» **Exercise requirements**: Exactly the lines from the one containing "Seraphina Dressing Table" through the end of the data, and nothing more, should be retyped; pictures stay out.
·····
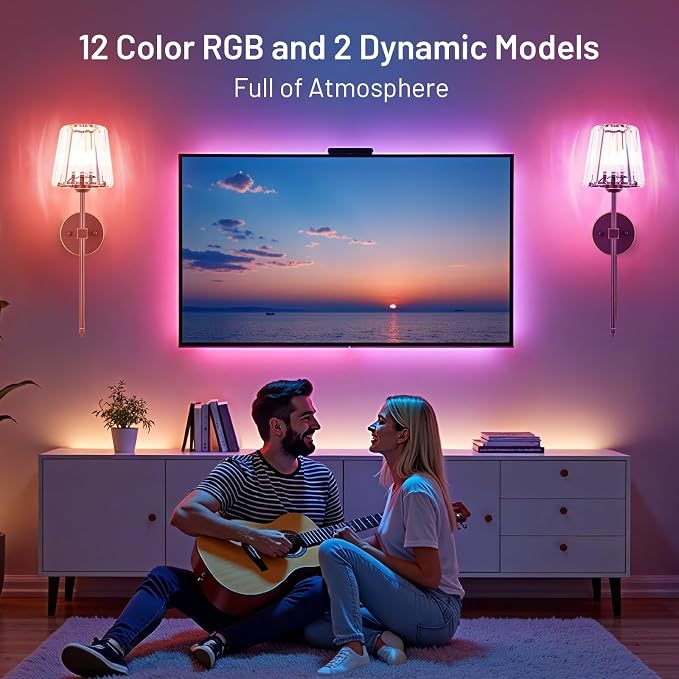 Crystal Battery Operated Wall Sconces Set of 2, 12 RGB and 3CCT Dimmable Wall - Image 5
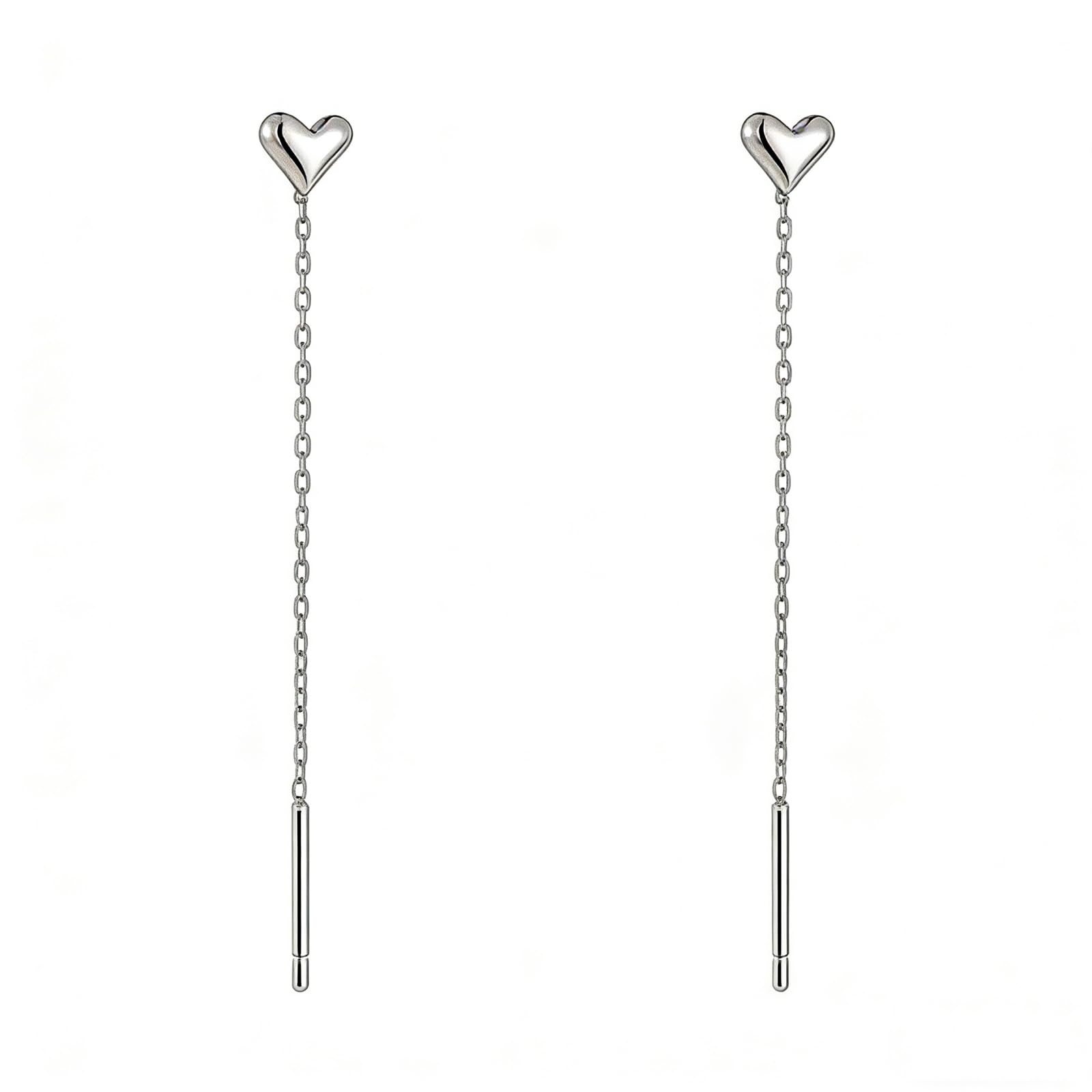 Pendientes de oro de 9/14/18 quilates para mujer, aretes de cadena larga con forma de corazón, oro real para ella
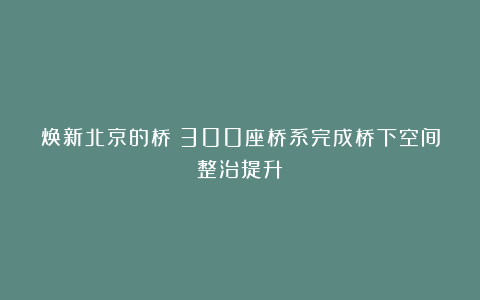 焕新北京的桥！300座桥系完成桥下空间整治提升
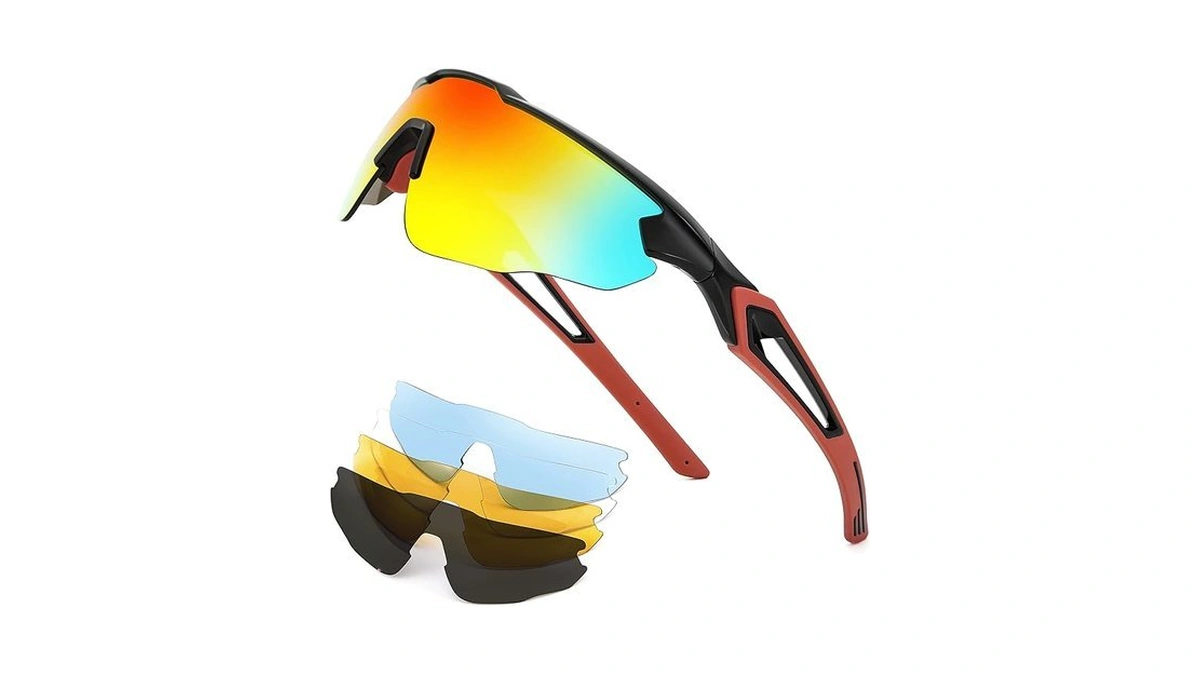 Feisedy Sports Sunglasses, With 5 Lenses For Men Women, Tr90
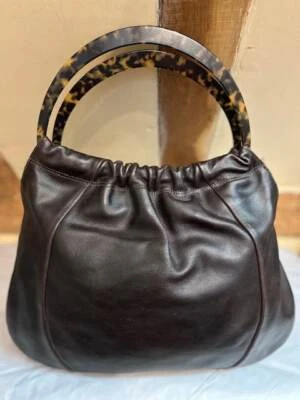 Lge KAREN MILLEN dark brown leather tortoiseshell handles handbag - Image 1 of 4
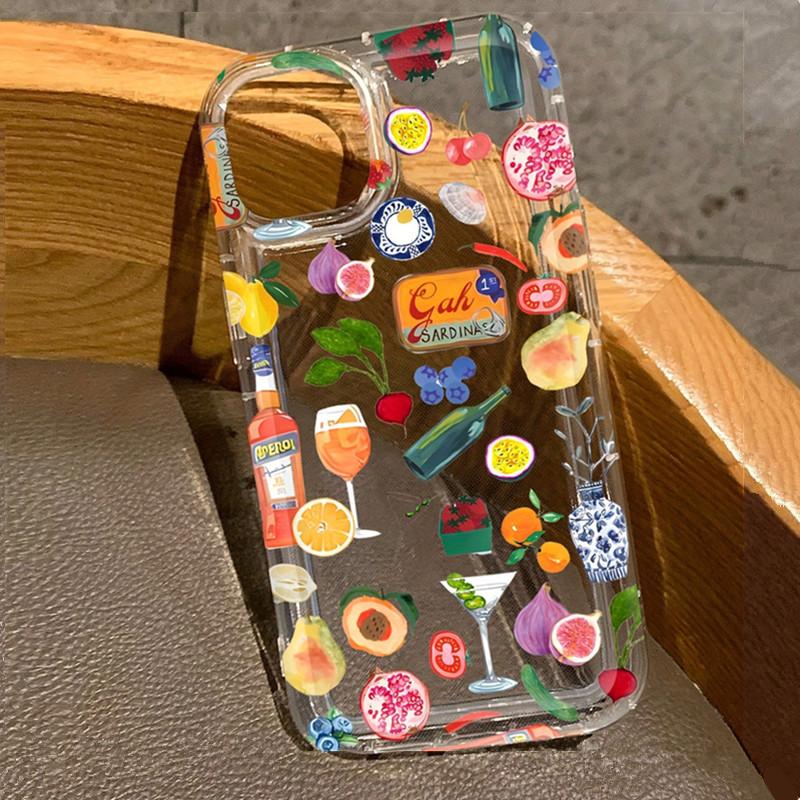 Phone Case for  Redmi Note 12 11 13 Pro Plus 5G 11s 10s 10 Pro 9 12c 13c 4G Transparent Fruit Juice Shock-Absorbing Cover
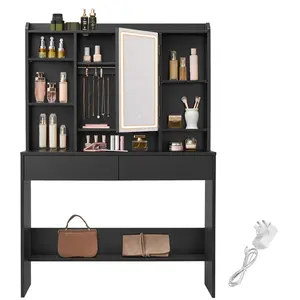 Seraphina Dressing Table with Mirror Ink Black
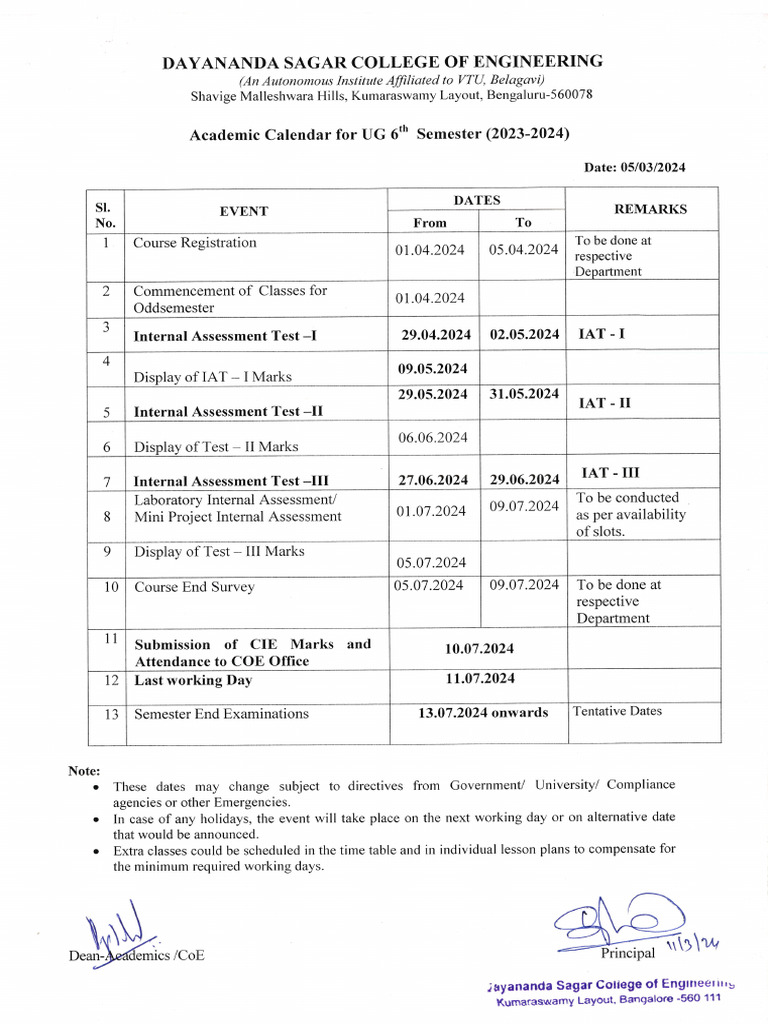 Calendar of Events - 6th Sem - 2023-24 - Even-Signed | PDF ...
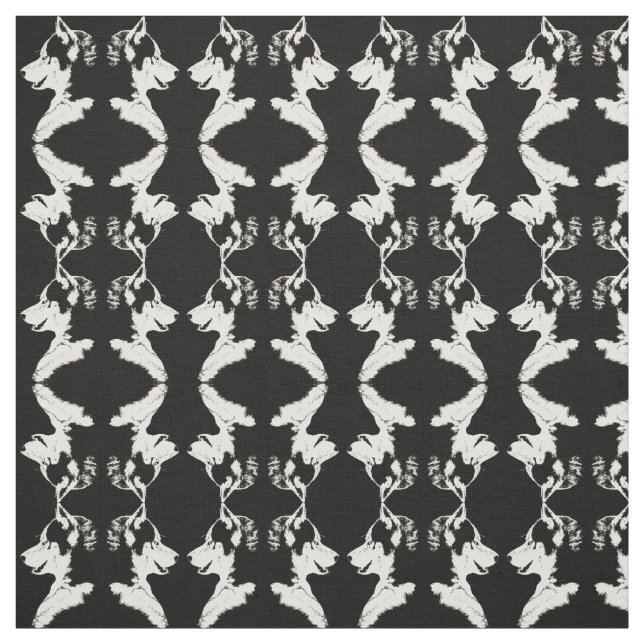 Husky Pup Fabric Siberian Husky Fabric Dog Pattern (Swatch)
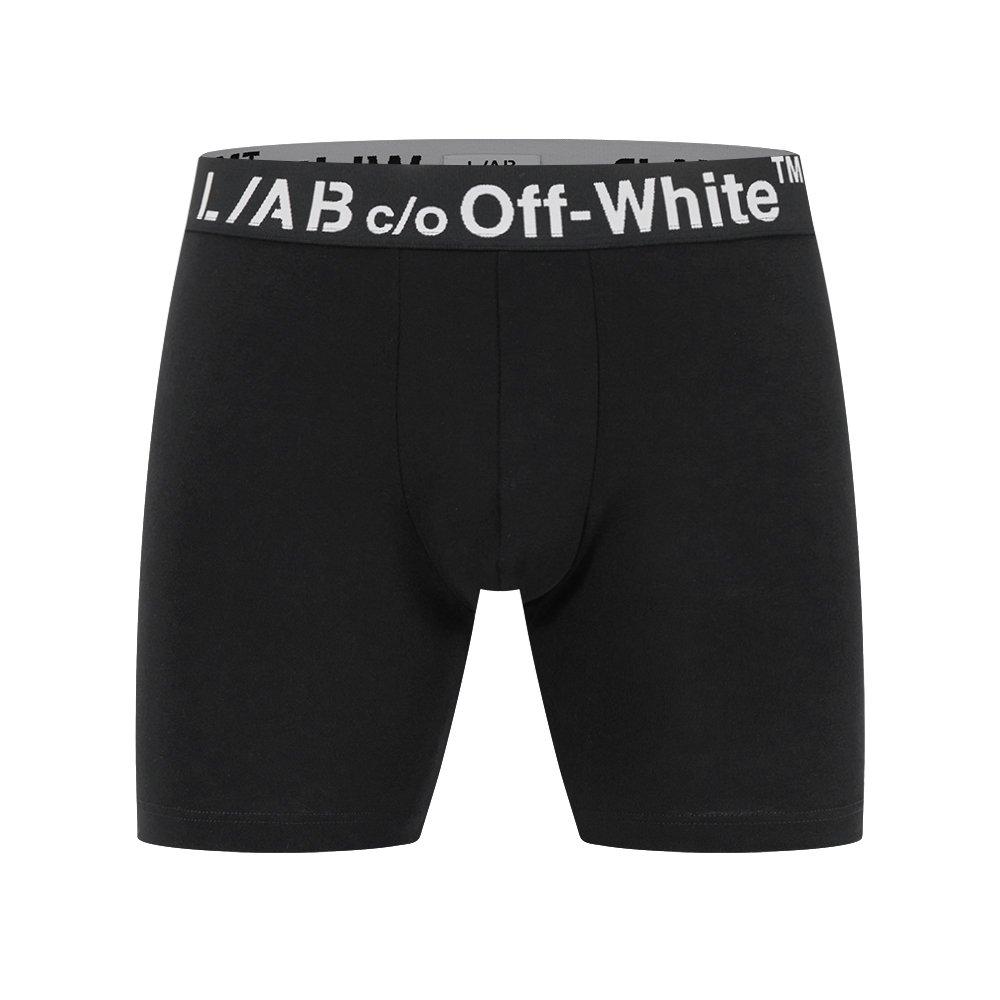L/AB c/o Off-White Men's Horizontal Big Logo 6" Boxer Brief (3 Pack) - Black - BLACK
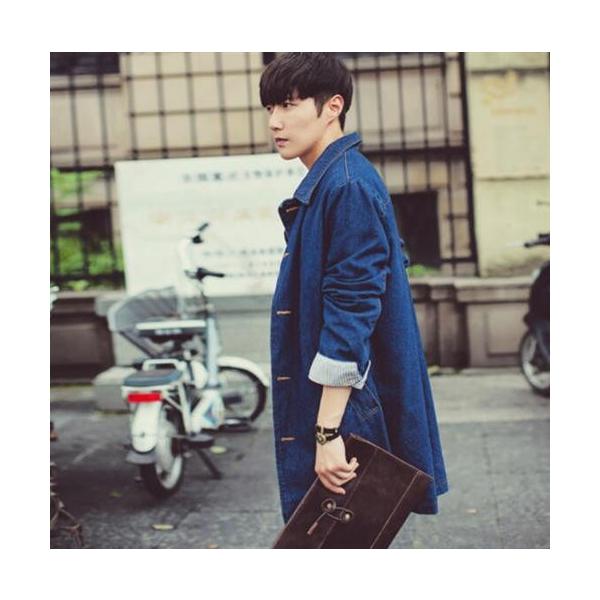 新品 春秋メンズ アウター コート 5 好評 Gジャン デニムコート ロングトレンチコート スプリングコート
·····
» **Response area**:
 Seraphina Dressing Table with Mirror Ink Black
 Calendar of Events - 6th Sem - 2023-24 - Even-Signed | PDF ...
 Husky Pup Fabric Siberian Husky Fabric Dog Pattern (Swatch)
L/AB c/o Off-White Men's Horizontal Big Logo 6" Boxer Brief (3 Pack) - Black - BLACK
 新品 春秋メンズ アウター コート 5 好評 Gジャン デニムコート ロングトレンチコート スプリングコート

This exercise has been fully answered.